Requirement:
Would you return each record that follows word for word, without its pictures?

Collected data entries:
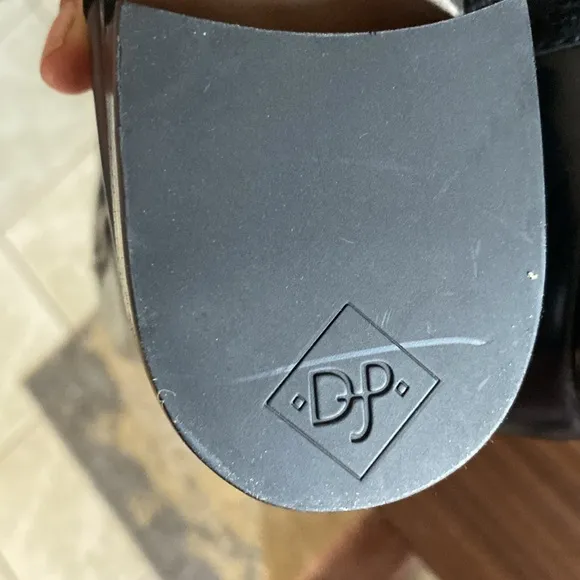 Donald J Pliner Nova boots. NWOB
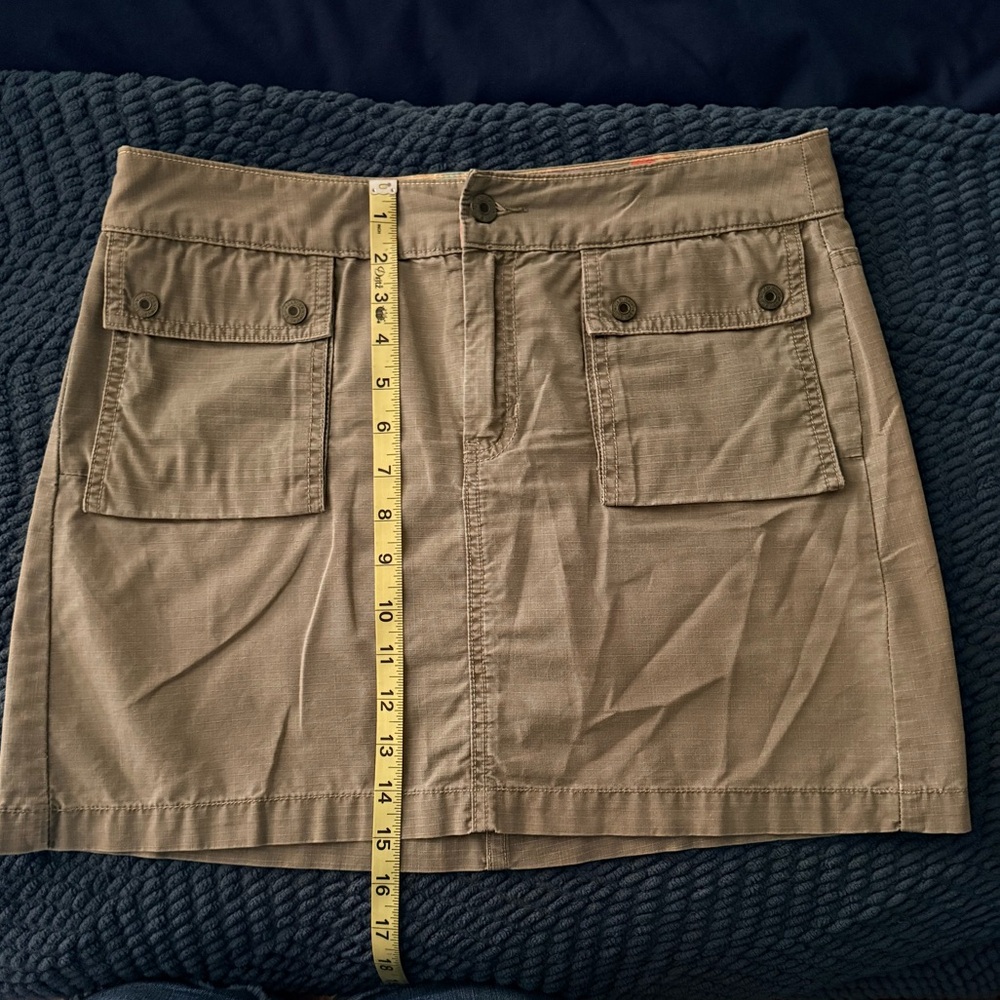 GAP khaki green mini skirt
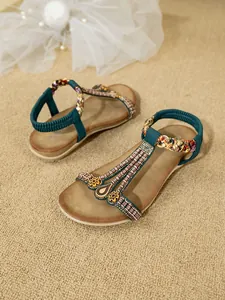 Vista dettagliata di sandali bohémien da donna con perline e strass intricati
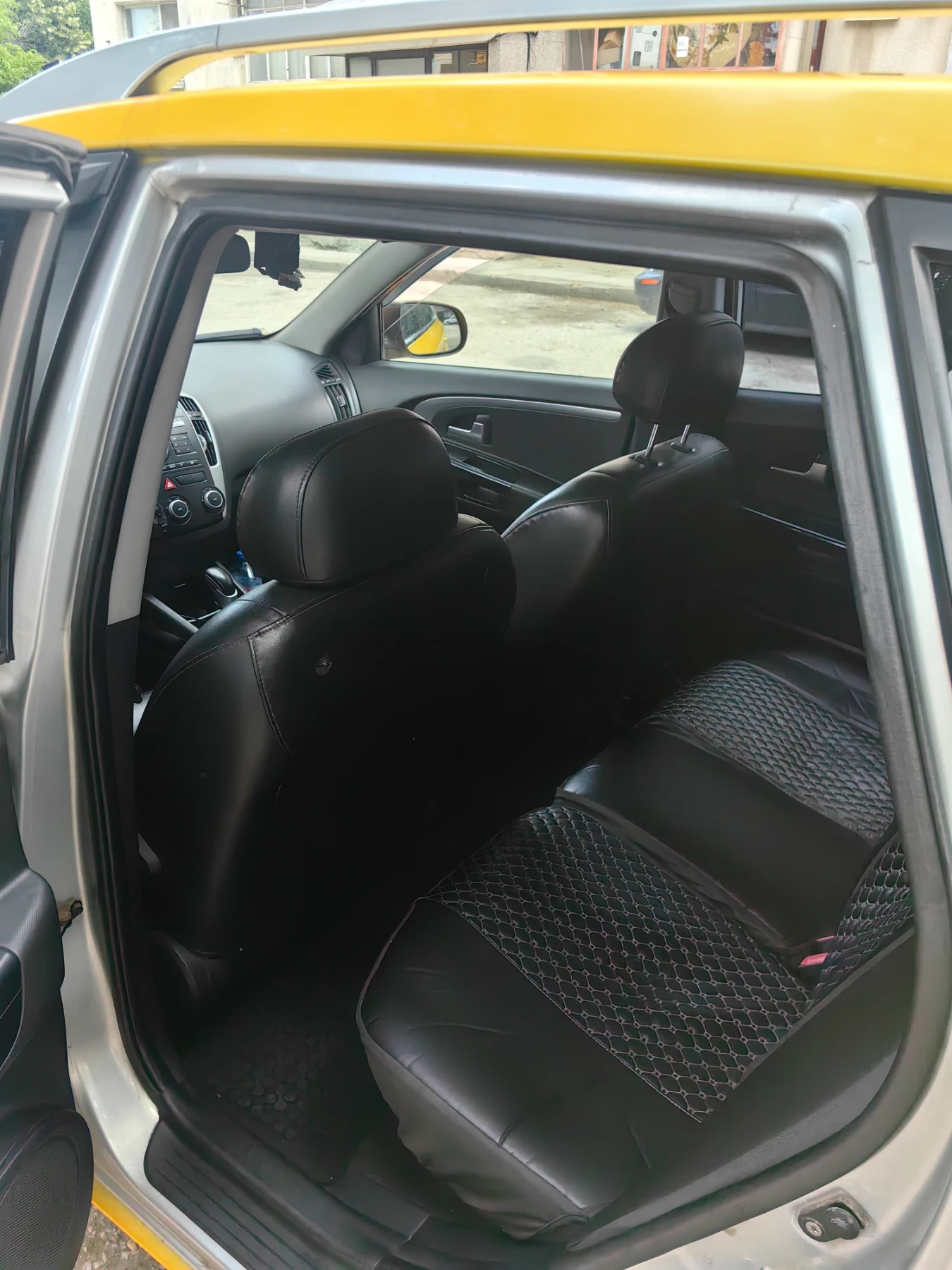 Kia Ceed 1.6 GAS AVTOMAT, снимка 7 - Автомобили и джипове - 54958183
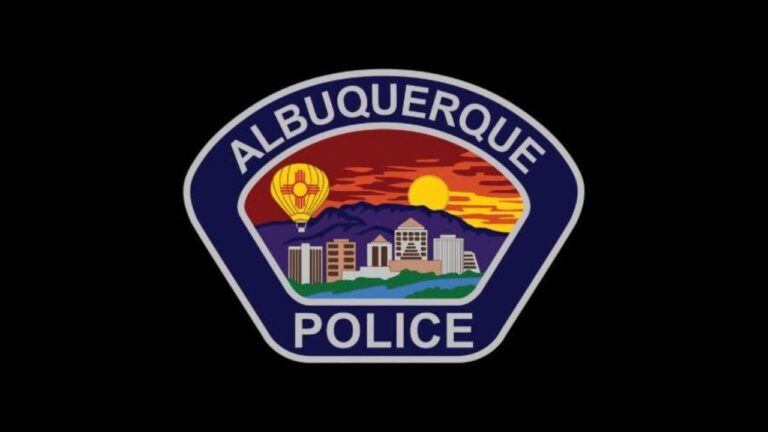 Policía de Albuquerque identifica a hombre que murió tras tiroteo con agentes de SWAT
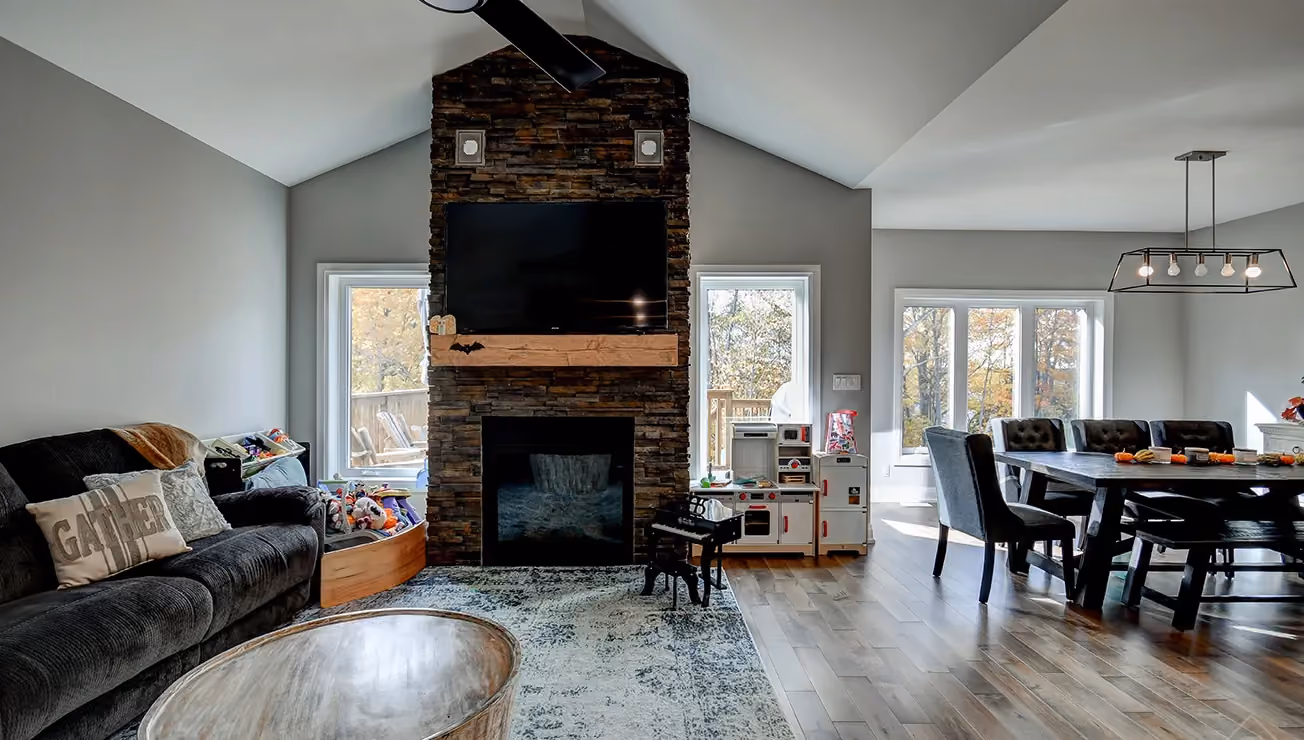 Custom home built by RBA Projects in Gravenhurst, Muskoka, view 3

Solution for this problem:
 Donald J Pliner Nova boots. NWOB
 GAP khaki green mini skirt
 Vista dettagliata di sandali bohémien da donna con perline e strass intricati
 Kia Ceed 1.6 GAS AVTOMAT, снимка 7 - Автомобили и джипове - 54958183
 Policía de Albuquerque identifica a hombre que murió tras tiroteo con agentes de SWAT
 Custom home built by RBA Projects in Gravenhurst, Muskoka, view 3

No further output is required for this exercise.